*Prompt:* I need every line from the start of the material below up to and including the line containing "Money pours in64315959097603110", restated exactly, with the pictures omitted.

*Excerpted records:*
# # # #

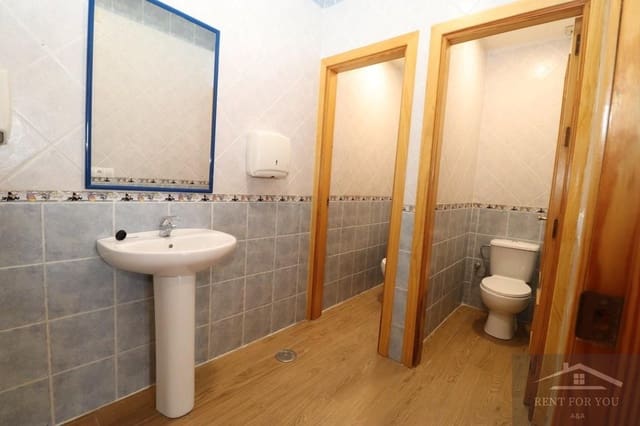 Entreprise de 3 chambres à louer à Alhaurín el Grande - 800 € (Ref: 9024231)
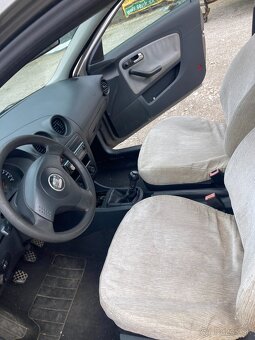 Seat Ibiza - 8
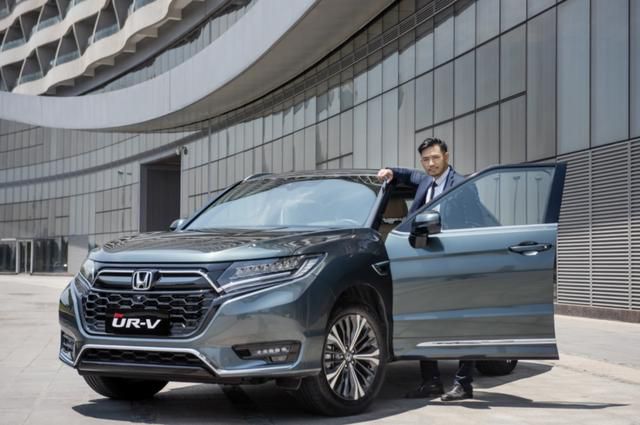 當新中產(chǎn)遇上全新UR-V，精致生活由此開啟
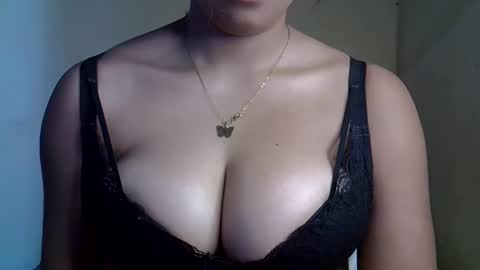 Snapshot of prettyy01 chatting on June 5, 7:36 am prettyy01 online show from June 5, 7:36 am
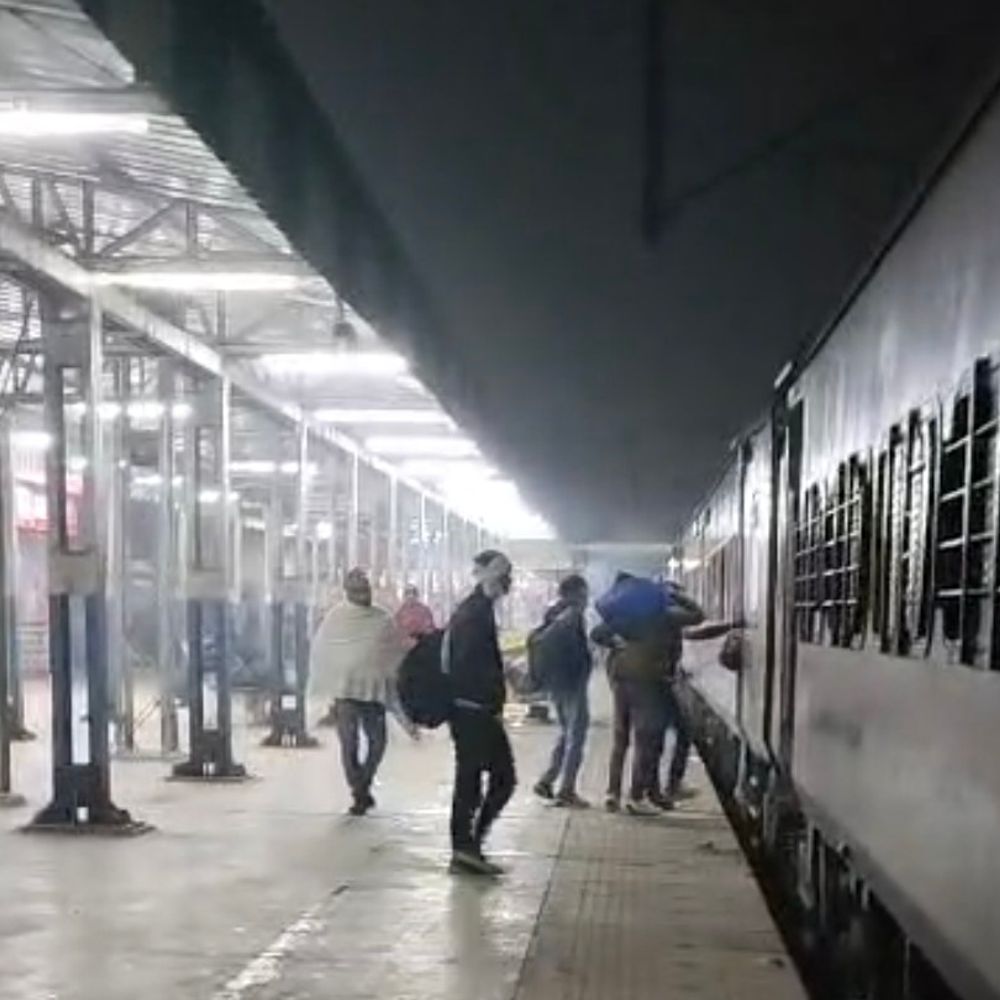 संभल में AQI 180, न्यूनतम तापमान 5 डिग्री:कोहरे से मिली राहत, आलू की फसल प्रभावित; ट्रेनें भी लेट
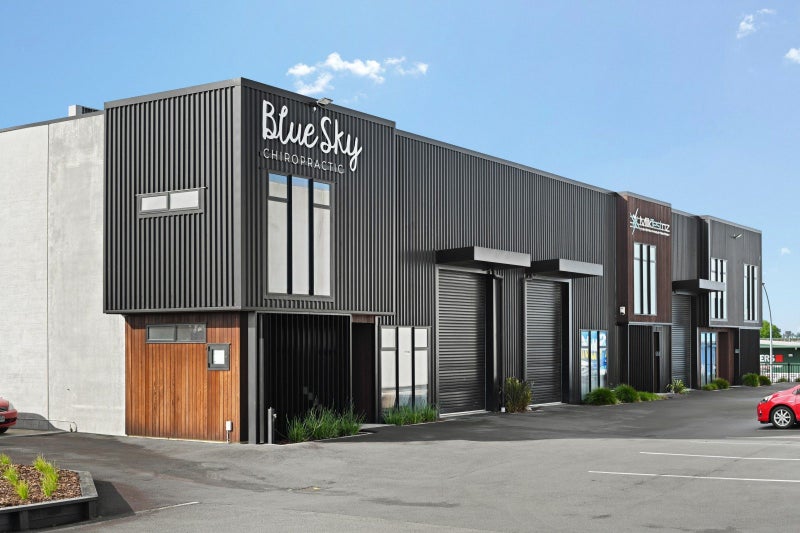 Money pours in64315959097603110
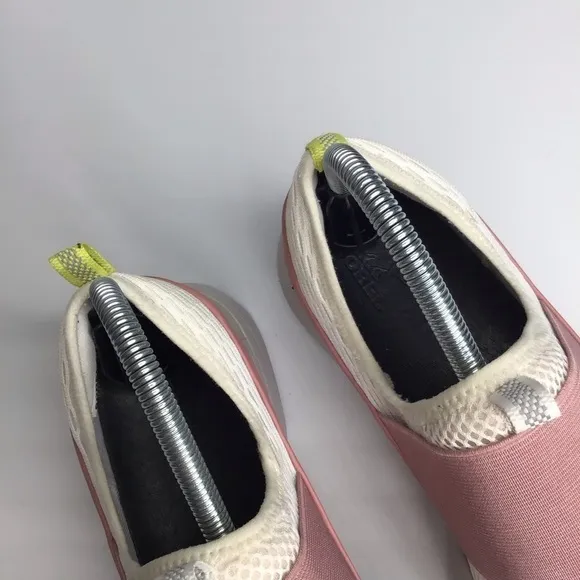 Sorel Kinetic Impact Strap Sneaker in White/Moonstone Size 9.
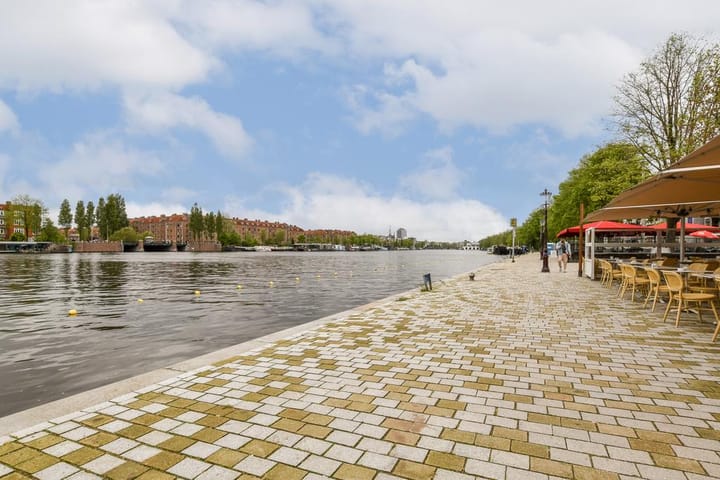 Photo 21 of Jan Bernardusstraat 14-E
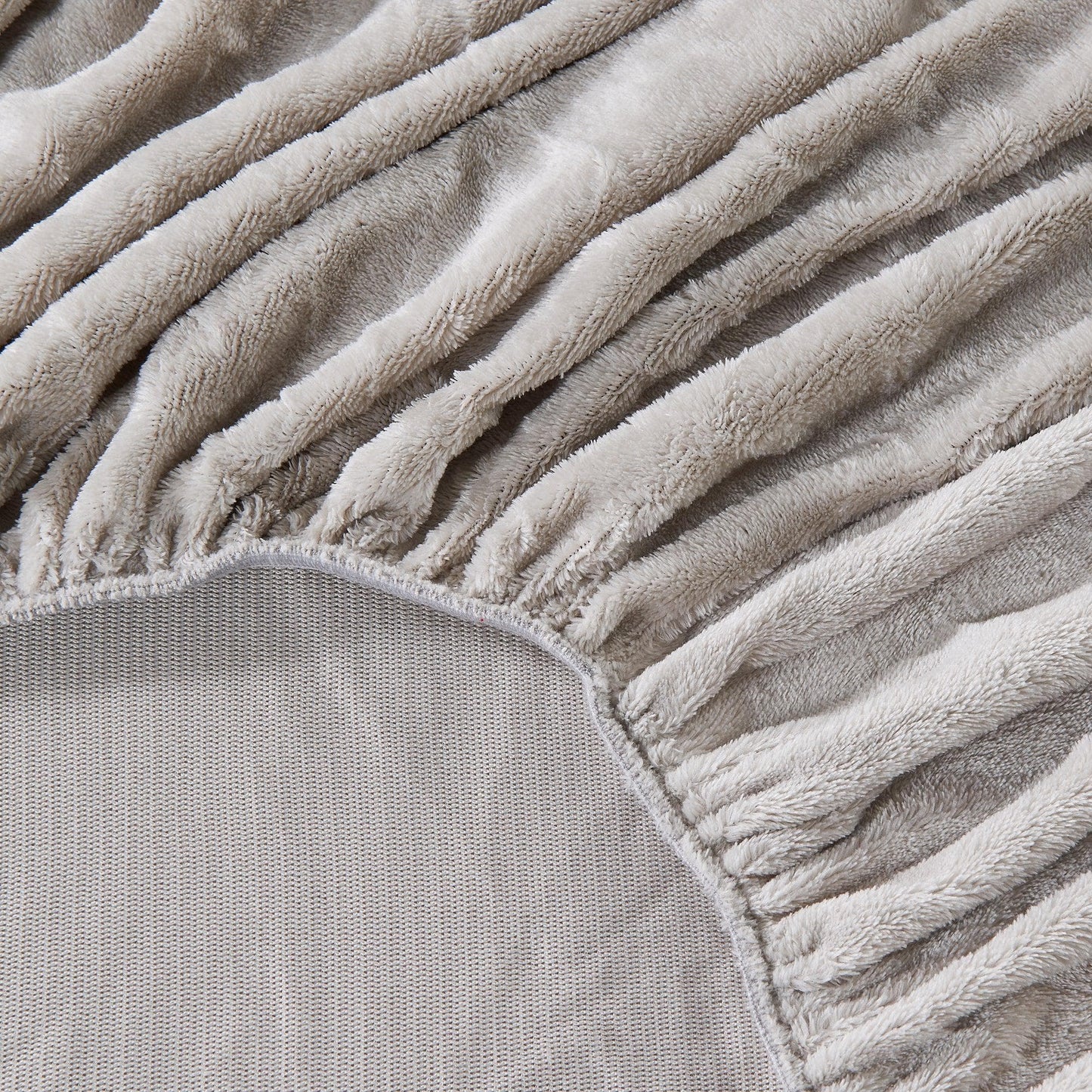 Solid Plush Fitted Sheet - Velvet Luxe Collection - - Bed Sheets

# # # #

*Answer to the problem:*
 Entreprise de 3 chambres à louer à Alhaurín el Grande - 800 € (Ref: 9024231)
 Seat Ibiza - 8
 當新中產(chǎn)遇上全新UR-V，精致生活由此開啟
 Snapshot of prettyy01 chatting on June 5, 7:36 am prettyy01 online show from June 5, 7:36 am
 संभल में AQI 180, न्यूनतम तापमान 5 डिग्री:कोहरे से मिली राहत, आलू की फसल प्रभावित; ट्रेनें भी लेट
 Money pours in64315959097603110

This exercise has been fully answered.